Freedom: Resolving the Oppositions

In studying Nietzsche’s philosophy, it can be difficult to find a clear understanding of what his views are on freedom. In some areas, he seems to argue strongly against the idea of “free will,” while in other areas he seems to suggest that the heights of human achievement are reached by the “free” spirits. At first glance, Nietzsche might seem to contradict himself on these issues. His views on human freedom, however, are much more complex than to allow for a simple answer of “determinism” or “free will.” Nietzsche views human behavior as being the result of complex relationships between various drives, and to the extent that our drives dictate the courses of our live, we lack “free” will. But to the extent that we are able to moderate the relationships between our drives, we become more “strong” in our will and thus are able to achieve more.

In Beyond Good and Evil, § 21, Nietzsche addresses the issue of free will directly. People who defend the notion of free will want to “bear the whole and sole responsibility for one’s actions.” In order to be so responsible, we must be separated completely not only from all of that which brought us into being, but also from all of that which acts on us in our lives to push us in this direction or that. On the other hand, Nietzsche criticizes what he calls the “unfree” will, “an abuse of cause and effect.” He points out that cause and effect are figured as material things, a cause creating an effect, rather than as simply the conception of the relationships between events. This conception exists in our understanding of the events, though not necessarily in the events themselves. Our understanding of the world in terms of cause and effect is not itself a problem until we begin to believe that these “symbols” exist themselves in nature. When we impose the “mythology” of cause and effect onto the material world, we are stuck with the idea of the “unfree” will. The unfreedom of will is problematic in two very “personal” ways: on one hand it denies a person the glory of his goodness, on the other it allows him to deny responsibility for his failings. Nietzsche does not believe that either of these possibilities is realistic or does any practical good. In answer to the idea of unfree will, Nietzsche points out that “it is only a question of strong and weak wills.”

With what Nietzsche calls the strong and weak wills, the question of human freedom is not whether or not it exists, but to what extent does it exist? Where the human will, the will to power as it expresses itself in an individual, exists strongly, human freedom expresses itself greatly. Where the human will seems to be greatly broken and subverted by exterior forces, it is the weak will, and it might seem to illustrate what Nietzsche would call the “unfree” will. Free will, then, does not exist independently, it is something that must be chosen and embraced by humanity. Where humanity fails to choose and embrace the will to power, human freedom does not exist, but when it is embraced and taken on, such as in Nietzsche’s stages of self-transformation, humanity can, and will, be free.

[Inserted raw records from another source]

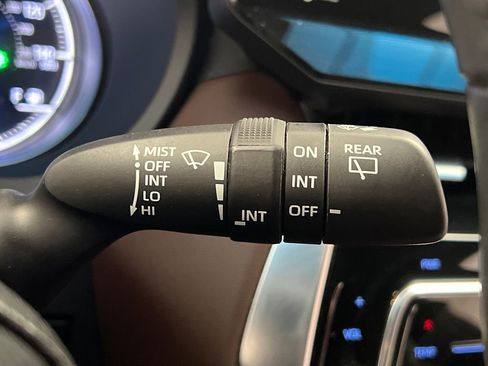 Used 2022 Toyota Venza Limited AWD/4WD image 41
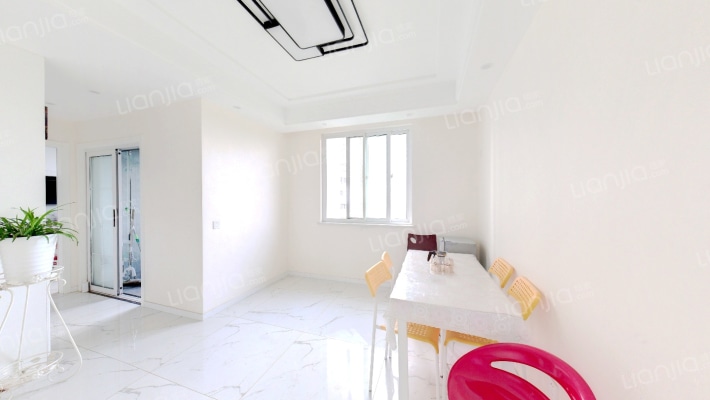 兴贤佳园近贤苑二手房实景图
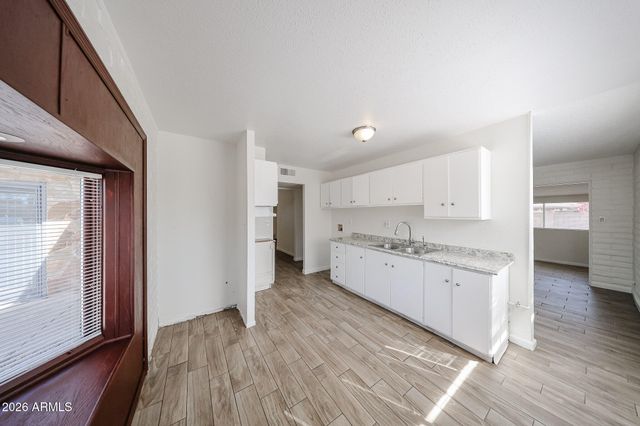 3119 W COUNTRY GABLES Drive, Phoenix, AZ 85053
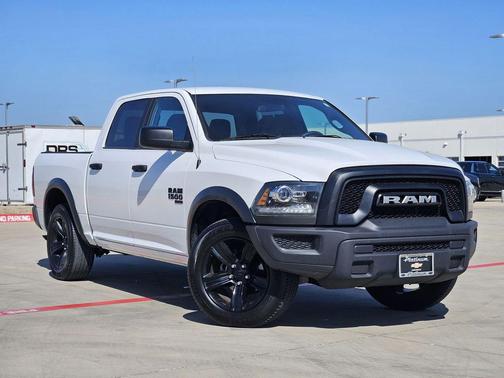 2024 RAM 1500 Classic Warlock Crew Cab 4x2 5'7' Box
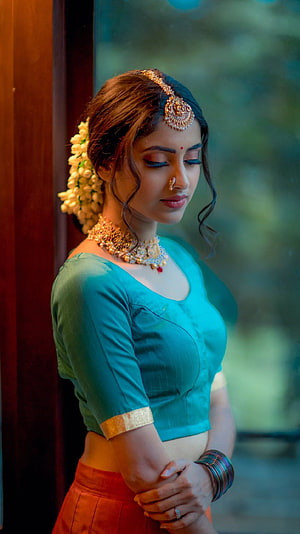 Woman in Traditional Indian Attire with Gold Jewelry and Floral Hair Adornment, Ayesha, saree lover, tamil actress HD phone wallpaper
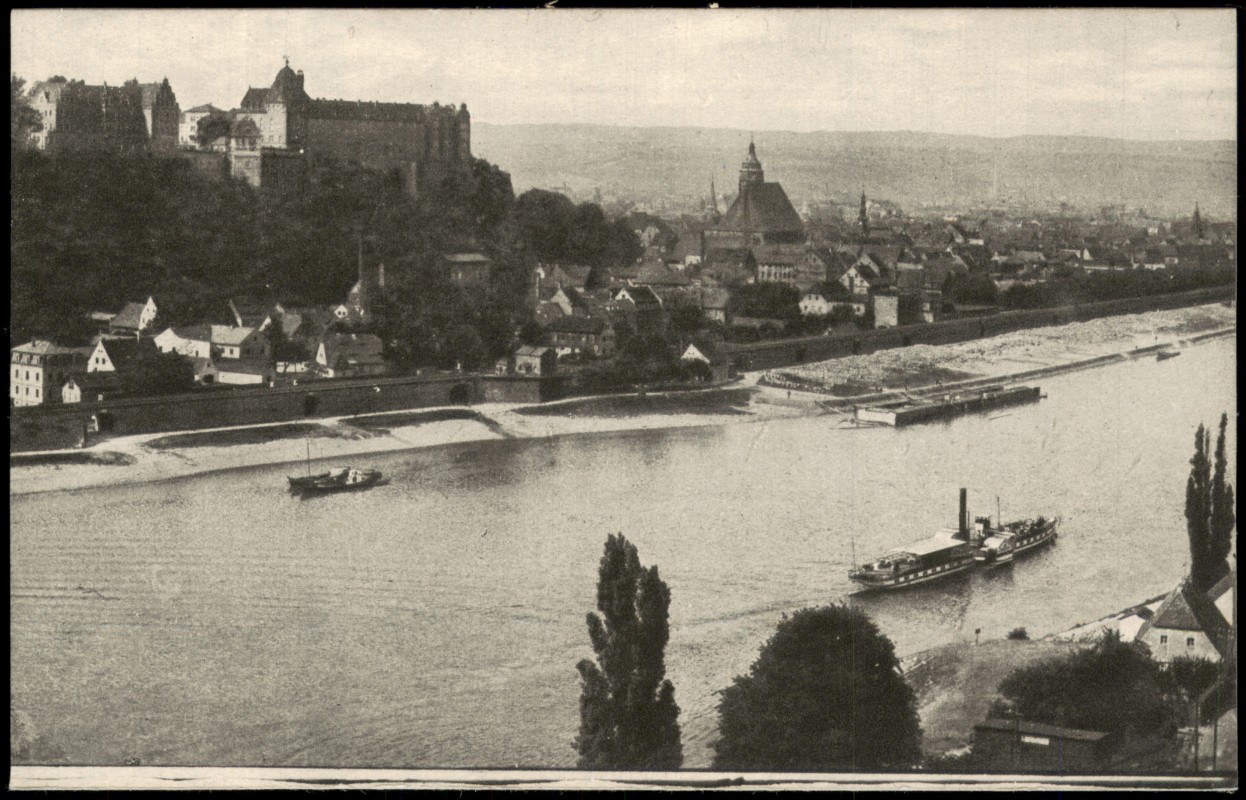 zoom: Image side vintage Postcard from 1915: Schloss Sonnenstein Flußbadeanstalt Dampfer:: Pirna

In Beyond Good and Evil, § 26, Nietzsche discusses the relationship of the “superior” human being to the common people, the persons of strong will to the persons of weak. The superior human beings, though they feel compelled to set themselves apart from common humanity, must “go down…above all, ‘go in’.” He suggests that through the process of studying the “average man,” the philosopher will come to a more realistic understanding what it truly means to be free. Though a person with a higher calling than the average man might long to escape humanity—”aspire after a secret citadel where he is set free from the crowd”—in studying average humanity and its bondage are necessary steps toward achieving freedom. The cynics are more honest, he says, than those who would stand on higher moral ground and look upon human drives with disgust, and therefore can lend to the true seeker of knowledge a greater understanding of those human drives. The indignant man wants to deny those drives, is ashamed of humanity’s overall inability to suppress them. Without accepting the reality of these drives of weak will, one can never sublimate them in order to embrace a stronger will, a greater freedom.

Beyond Good and Evil, § 29 discusses those who enjoy more freedom than the average man. “Few are made for independence,” he says, “it is a privilege of the strong.” So much of humanity is blind to its own drives that it cannot possibly overcome those drives and choose freely what it will take from life, what it will make of life. The strong, however, or those who are most insightful into their own spirit and character and the spirit and character of humanity, are able to choose to redefine values, as the lion in the stages of self-transformation. “…he is probably not only strong, but daring to the point of recklessness.” He speaks here of the stages of self-transformation as a labyrinth, and when the strong enter this labyrinth, the average man can no longer sympathize, cannot understand the complexities of what becomes of this strong man. The values of the average man are dictated by the drives to which he is either blind or indifferent, and when a man of strength throws off these values and seeks the values of his own virtue, he leaves the average man behind. This average man does not enjoy the same freedom, but neither does he risk so much as the one who undergoes the process of self-transformation.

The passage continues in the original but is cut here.